[Available data — start]
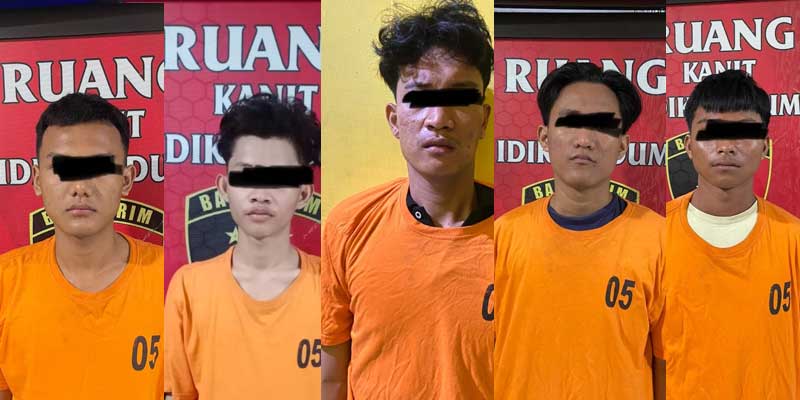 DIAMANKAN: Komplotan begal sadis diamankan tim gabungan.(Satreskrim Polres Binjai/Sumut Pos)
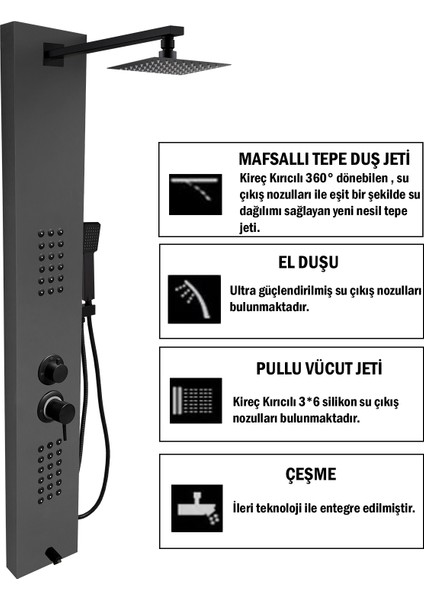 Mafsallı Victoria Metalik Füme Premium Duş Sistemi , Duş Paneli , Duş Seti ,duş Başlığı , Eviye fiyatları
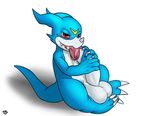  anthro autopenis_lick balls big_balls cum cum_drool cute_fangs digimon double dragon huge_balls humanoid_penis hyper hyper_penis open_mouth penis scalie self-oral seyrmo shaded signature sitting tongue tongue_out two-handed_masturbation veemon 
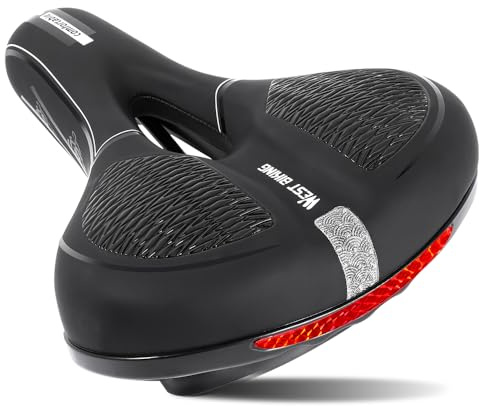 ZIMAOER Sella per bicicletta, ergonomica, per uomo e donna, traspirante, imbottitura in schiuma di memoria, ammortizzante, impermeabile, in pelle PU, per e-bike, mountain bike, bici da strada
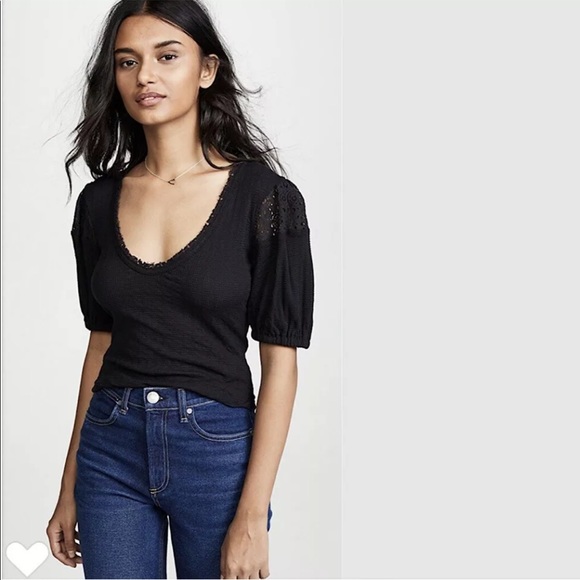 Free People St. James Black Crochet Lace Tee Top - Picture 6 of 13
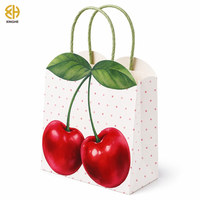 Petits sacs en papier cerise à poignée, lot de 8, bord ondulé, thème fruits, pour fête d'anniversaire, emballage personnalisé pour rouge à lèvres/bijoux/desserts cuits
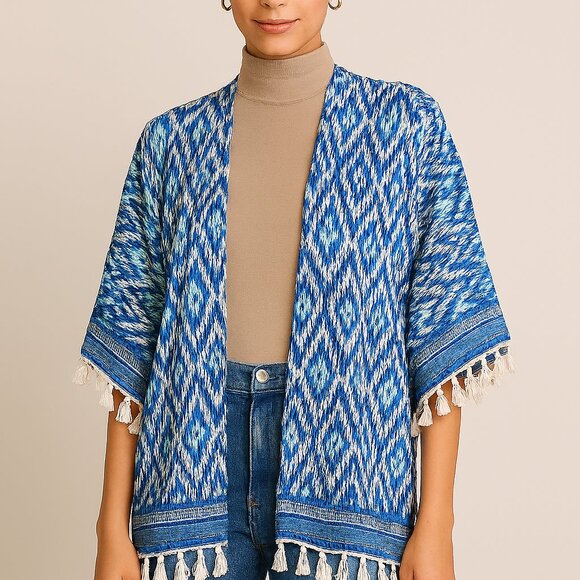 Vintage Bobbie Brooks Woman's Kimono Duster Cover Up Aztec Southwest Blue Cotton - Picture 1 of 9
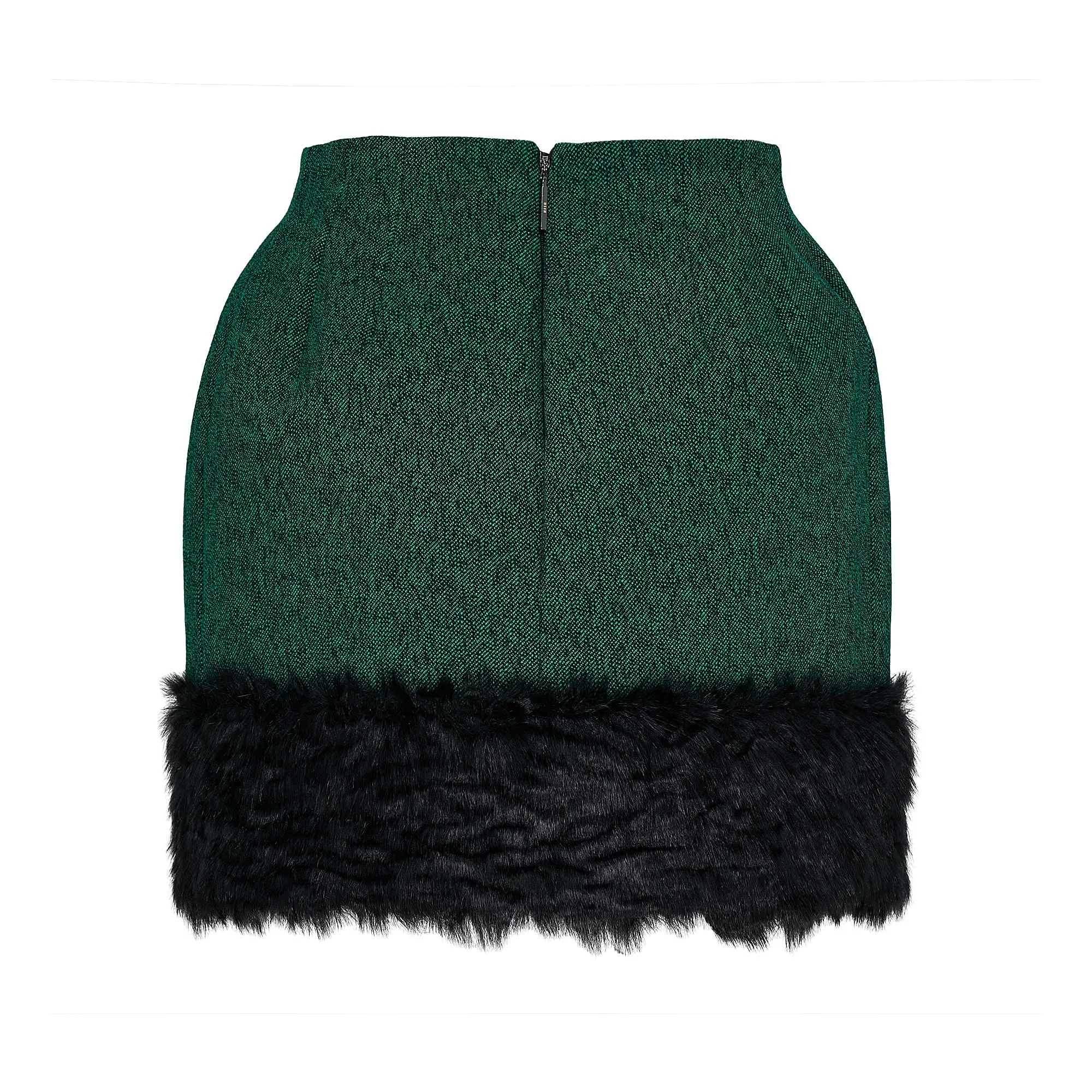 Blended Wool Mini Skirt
[Available data — finish]
[Available data — start]
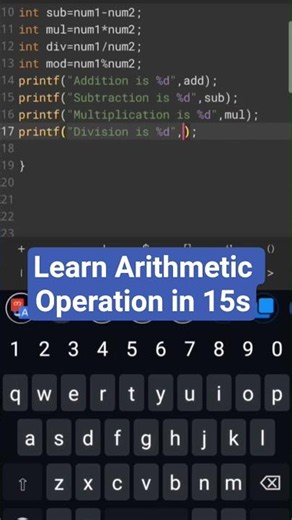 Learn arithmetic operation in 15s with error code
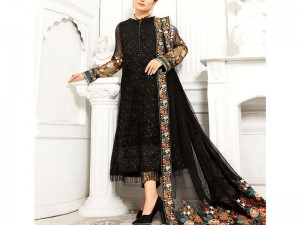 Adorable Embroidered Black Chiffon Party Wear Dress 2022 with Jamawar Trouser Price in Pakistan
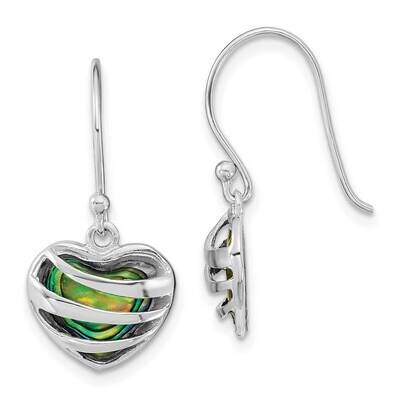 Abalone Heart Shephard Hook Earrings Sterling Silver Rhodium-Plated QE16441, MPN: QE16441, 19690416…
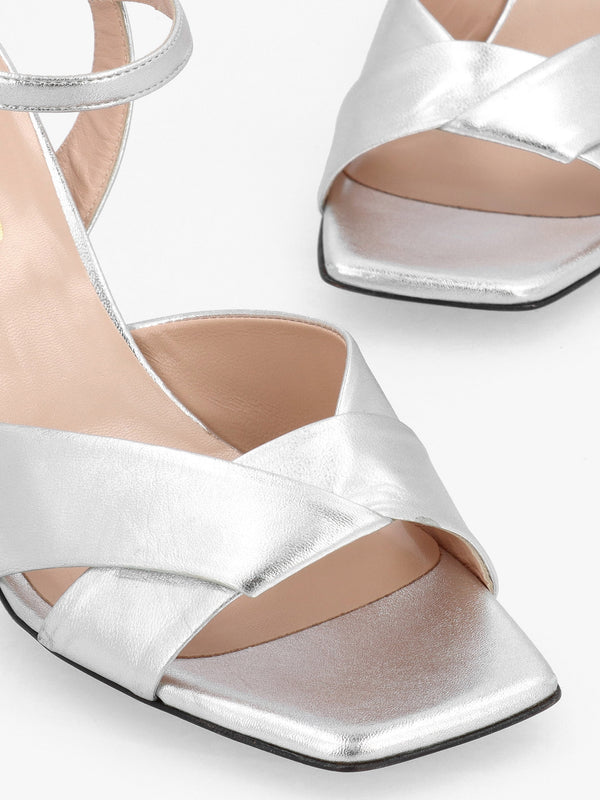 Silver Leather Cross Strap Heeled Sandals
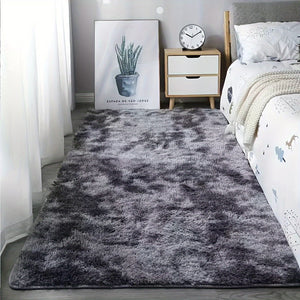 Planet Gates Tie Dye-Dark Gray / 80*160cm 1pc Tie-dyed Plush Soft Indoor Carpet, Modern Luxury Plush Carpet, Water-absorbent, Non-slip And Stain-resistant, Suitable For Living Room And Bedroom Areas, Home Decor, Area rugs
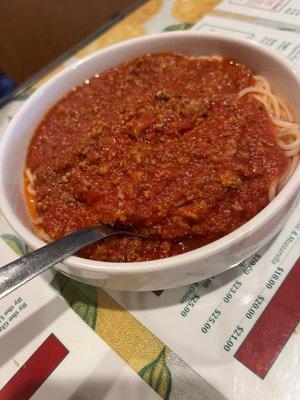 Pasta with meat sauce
[Available data — finish]
Work to complete:
Given the records above, return the lines starting at the one that holds "Planet Gates Tie" and ending at the one that holds "Pasta with meat sauce", exactly, and nothing besides; leave every picture out.

Exercise output:
 Planet Gates Tie Dye-Dark Gray / 80*160cm 1pc Tie-dyed Plush Soft Indoor Carpet, Modern Luxury Plush Carpet, Water-absorbent, Non-slip And Stain-resistant, Suitable For Living Room And Bedroom Areas, Home Decor, Area rugs
 Pasta with meat sauce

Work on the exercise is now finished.